Why Ethiopia

Ethiopia is amongst the poorest and least materially resourced countries in the world. Of the 110 million people in the country, approximately 30 percent live on less than $2USD a day. Despite remarkable economic growth over the last 10 years, without more trained professionals in all fields Ethiopians struggle to cope with emergent and lingering health issues, poverty, deforestation, food insecurity and a lack of well functioning infrastructures.

How does TAAAC work?

By focusing together to develop and strengthen graduate medical and academic programs at AAU, Ethiopia can train their own professionals and develop a robust accessible healthcare system, an improved economy, pre-empt food insecurity and unemployment to provide a better future for all.

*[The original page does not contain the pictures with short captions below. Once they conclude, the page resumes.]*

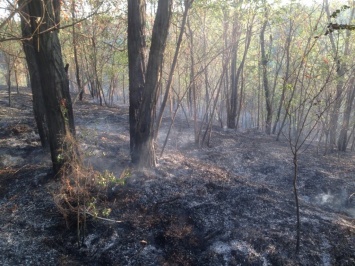 Три месяца без дождя: на Хортице несколько раз за сутки горел лес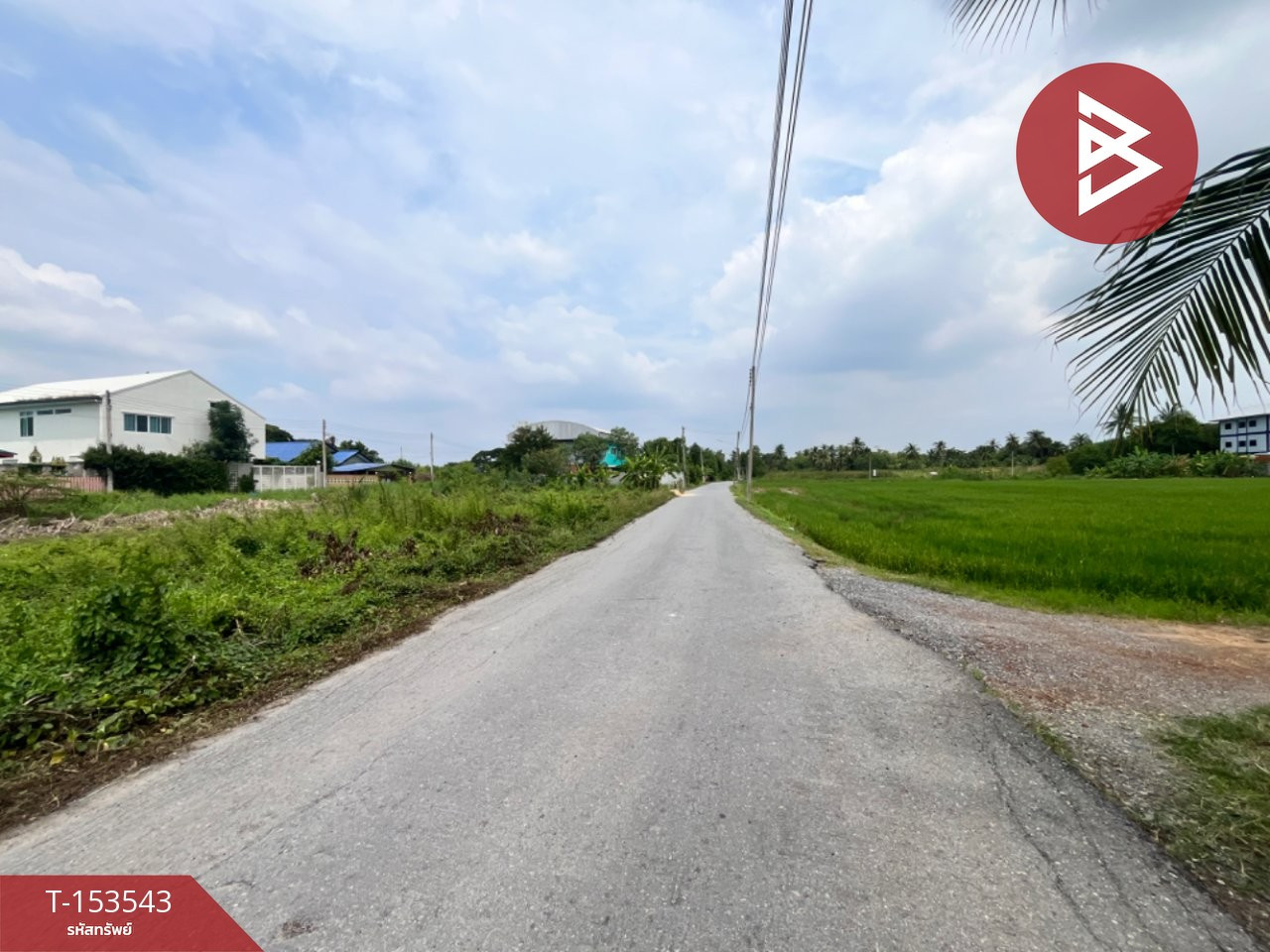 ขายที่ดิน เนื้อที่ 1 งาน 12 ตร.วา สามพราน นครปฐม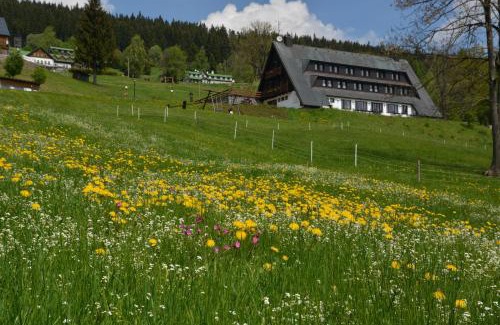 Spindleruv Mlyn House | Pension Krakonoš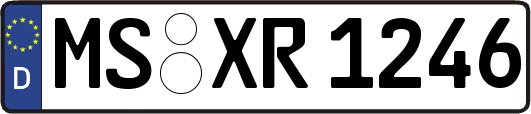 MS-XR1246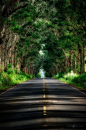 kauai's tunnel of trees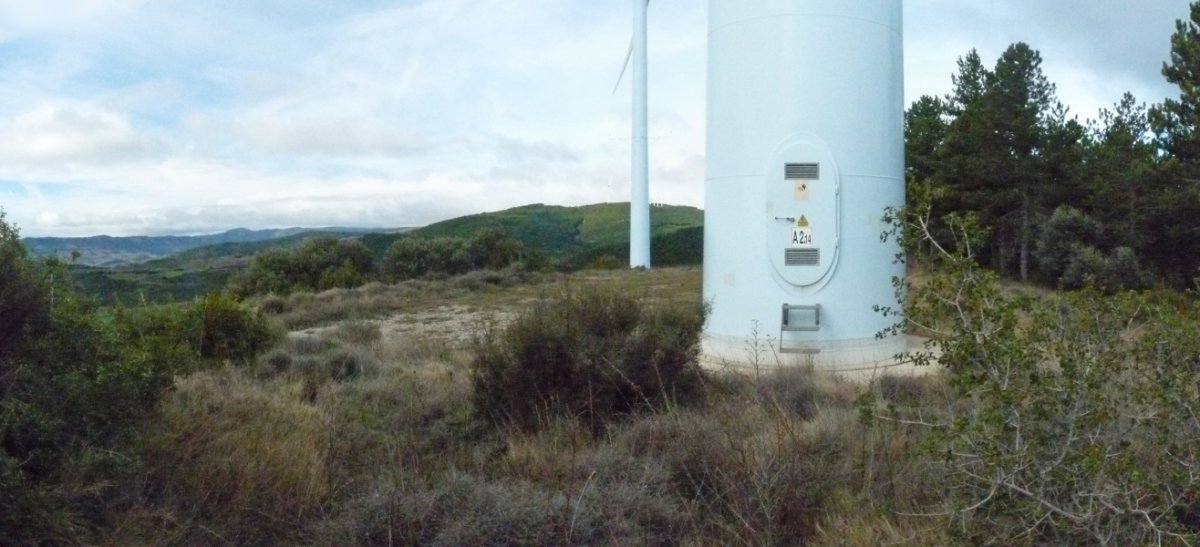 Garnatx gaineko gailurra, haizerrotek hartua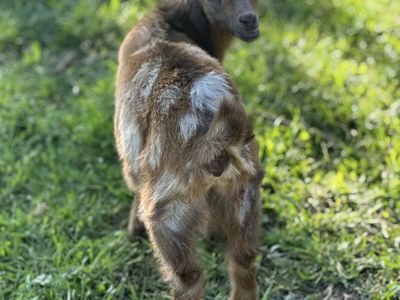 Baby Nigerian dwarf goats
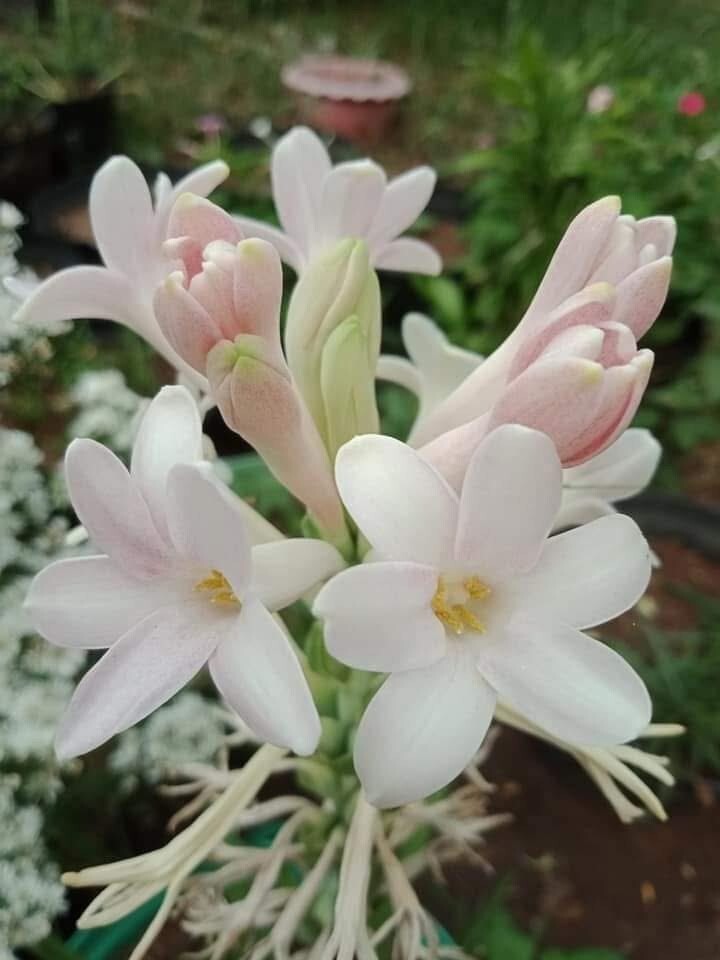 7 Single Mexican Tuberose Polianthes Lily SMALL BULBS~Fragrant~Heat Hardy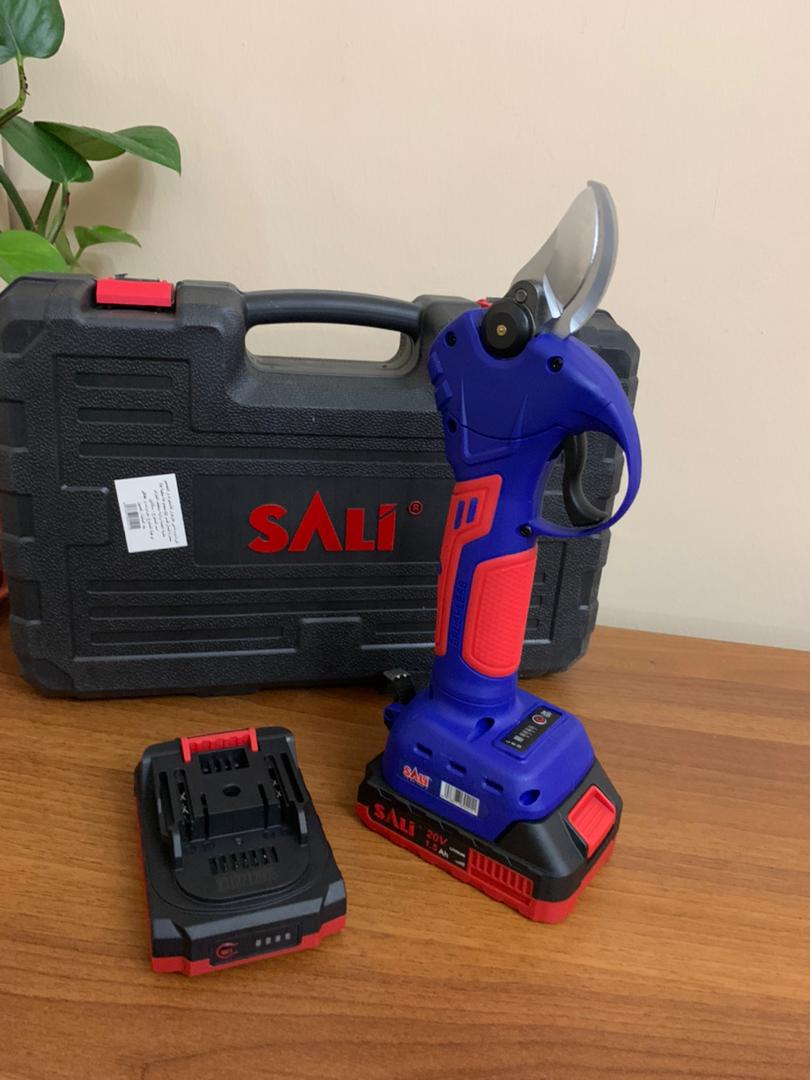 SALI Sécateur électrique 25 V avec 2 Batteries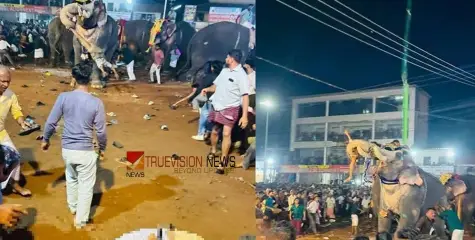 #elephantattack | നേർച്ചയ്ക്കിടെ ആന ഇടഞ്ഞു; 17 പേർക്ക് പരിക്ക്, ഒരാളുടെ നിലഗുരുതരം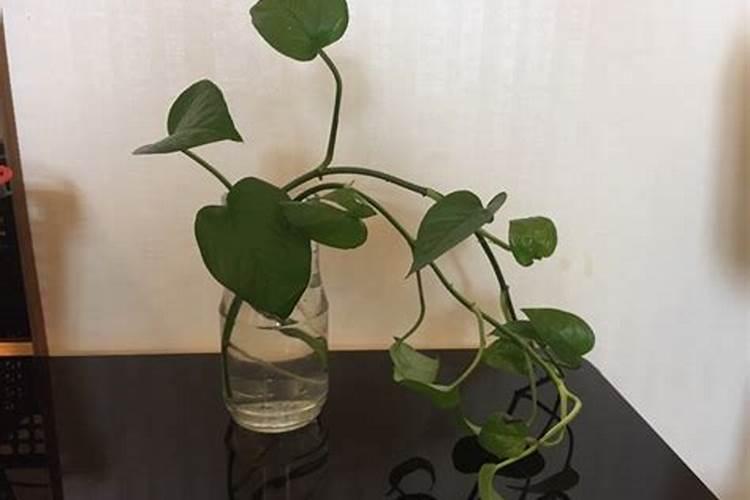 现在最好的磷肥多那一种？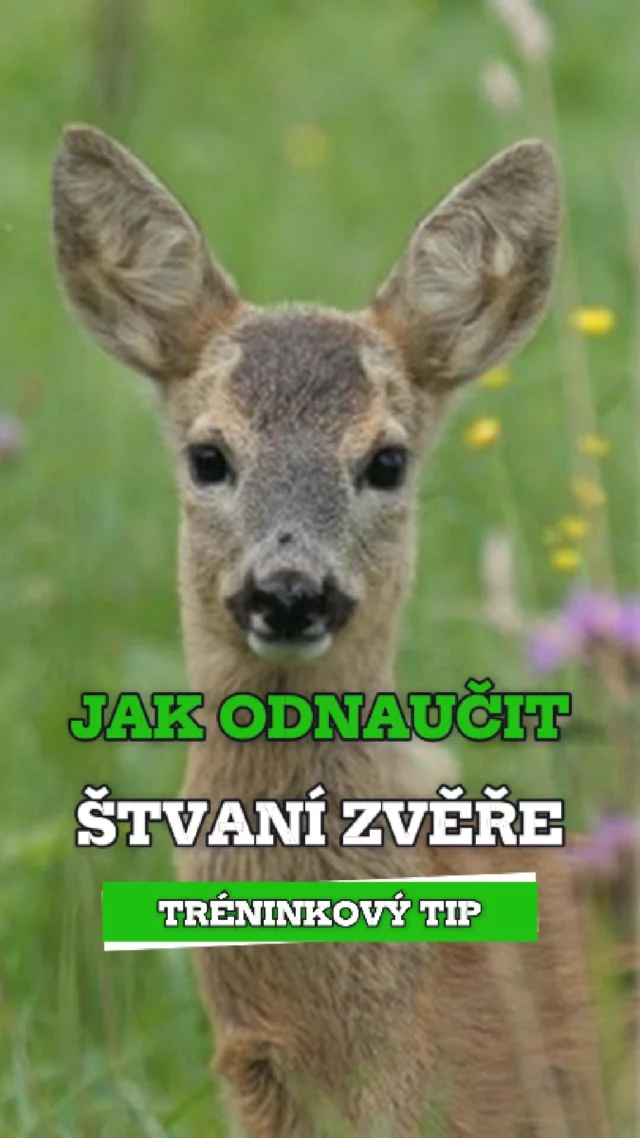 🚫 Jak odnaučit psa štvát zvěř?

Žádný plyšák na dálkáč. Žádný autíčko. Žádný kouzelný impuls, co to za tebe vyřeší.
A už vůbec ne trest ve chvíli, kdy pes letí jak torpédo.
To už jsi pozdě.

Štvaní není chyba psa.
Je to instinkt. A ten se nedá vypnout. Můžeš ho jen naučit, co s tím má místo toho dělat.
To znamená výchova a výcvik.
Reálný. Žádný trik.

Potřebuješ přivolání, který funguje i ve chvíli, kdy to v psovi vře.
A ne povel, kterej řveš do lesa a doufáš, že se smiluje.

Takhle prostý to je.

👉 Mrkni na arkak9.com, jestli tě zajímá, jak to děláme.
❤️ Sleduj, jestli tě to baví. Ať ti nic neuteče.

#ArkaK9 #VycvikPsu #NePoPo #RealitaVycviku #PsiVycvik #TreninkBezOmacky #PracovniPes #Kynologie #PozitivniVycvik #TreninkNaMiru
#StvaniZvere #PesAZver #OdvolaniOdZvere #PrivolaniSKrvi #PesKteryPremysli #TreninkBezZkratek #RealitaSePsem #PesNeposloucha #VycvikKteryDavaSmysl #ZverNeniNepřítel #ZivotSePsem #VychovaNeTrest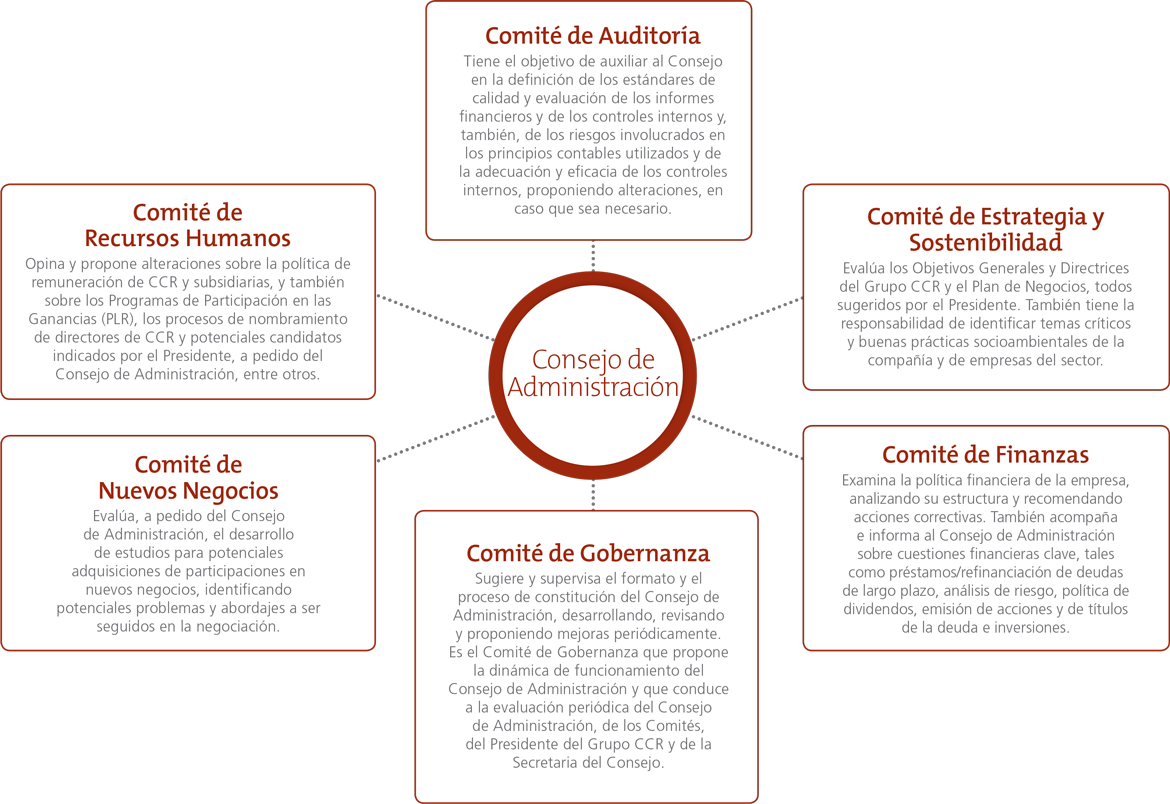 Conselho de administracao, comites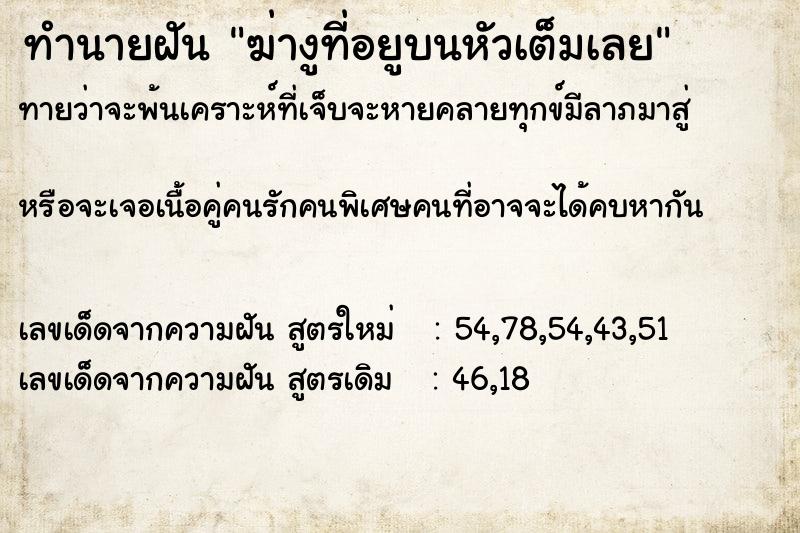 ทำนายฝันทำนายฝันฆ่างูที่อยูบนหัวเต็มเลย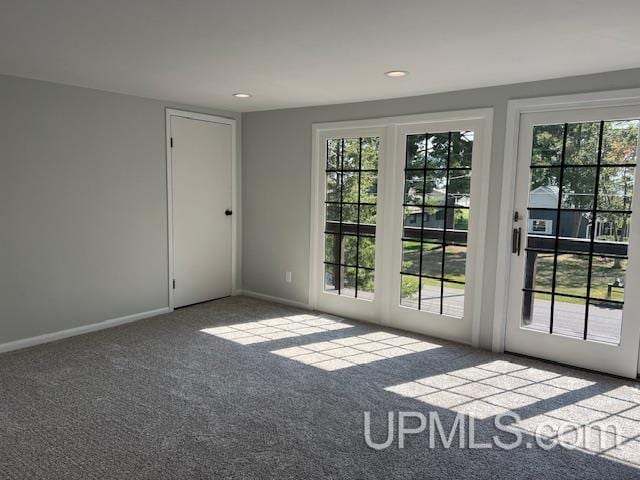 doorway featuring carpet and plenty of natural light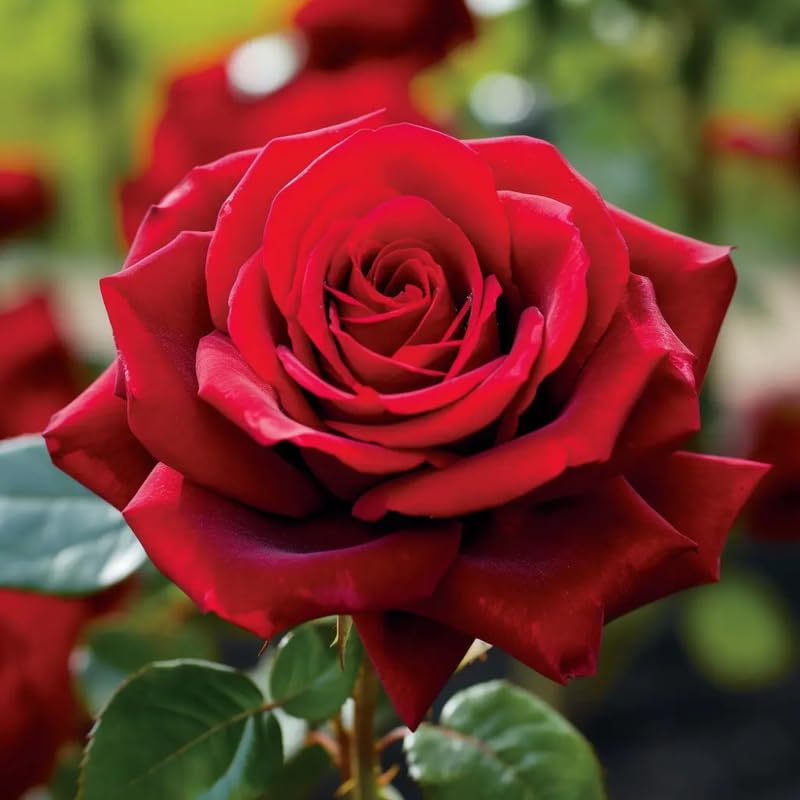 Rose Bush Live Plant, Hybrid Tea Rose Plant Live, 5-9 Inch Tall, Fragrant Flowers Tree, Well-Rooted 1 Year Old, No Pot (Red Rose)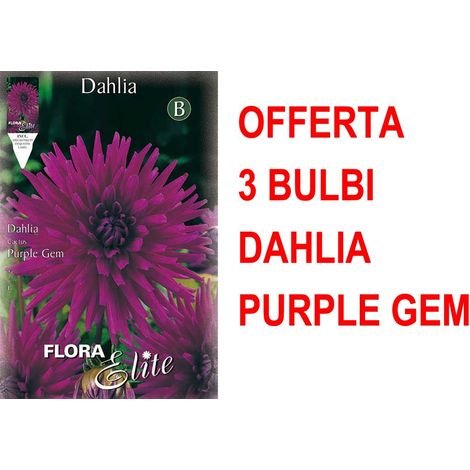 OFFERTA 3 BULBI DAHLIA CACTUS PURPLE GEM BULBS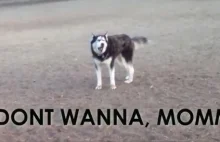 Zabawna reakcja psa Husky który nie chce opuścić parku dla psów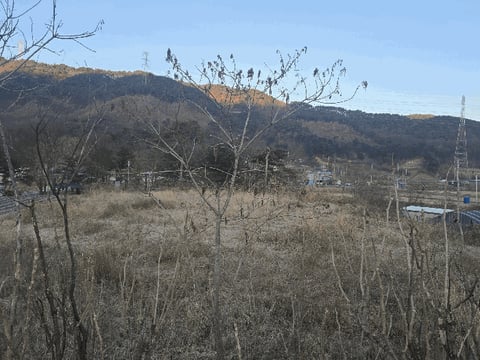 물건 사진 8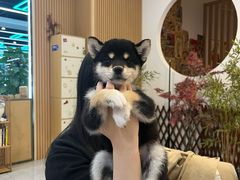 -柴犬小屋·柴餐厅·狗咖食堂(金鼎广场店)
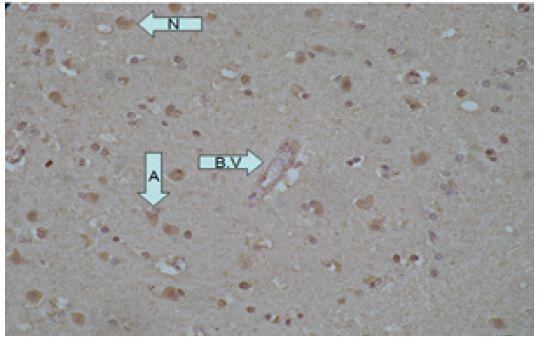 Biomedical Science &, Research Biomedical Science &, Research
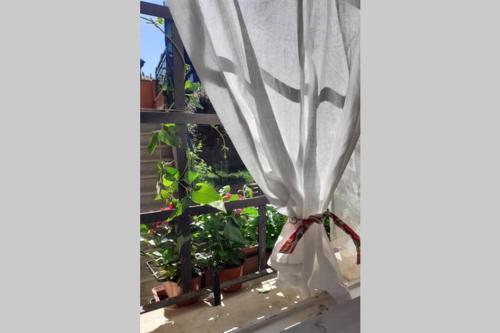 Apartamento La Casa Al Castello - Arcidosso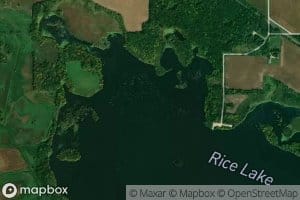 Rice Lake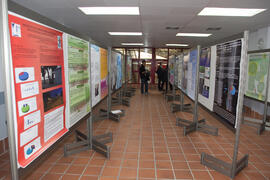 Presentación de pósters. 4º Congreso Internacional de Actividad Físico-Deportiva para Mayores. Complejo Polideportivo Universitario. Marzo de 2011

UofT’s academic faculty members volunteer to take part in our programs and fly to Ethiopia to teach and co-build graduate programs under the leadership and guidance of AAU faculty. The volunteers teach courses, supervise PhDs, provide clinical supervision and teach technical skills. Once trained, the new AAU graduates are hired to expand the AAU faculties and those of the 50 new Ethiopian universities so in time each program becomes capable of replicating itself, independent of the need for UofT assistance.

TAAAC results

In the last few years TAAAC has assisted over 200 professionals graduate of whom over 90 percent remain within the country.

TAAAC has become a workable and effective model for collaboration in global health to accelerate the creation of professional and academic specialists, promoting an accessible robust health system and contributing directly to ongoing economic and infrastructure growth. By facilitating excellence in academic research and practice, a new generation of confident and competent young Ethiopians will help fulfill their country’s great potential.

AAU is becoming a magnet centre of excellence for education in sub-Saharan Africa and an internationally significant research university.

Der biaber anbessa yaser is an Amharic saying that translates as: together a spider’s web will tie a lion. As friends, colleagues, and community TAAAC is privileged to play a part in Ethiopia’s strong grasp on a better future.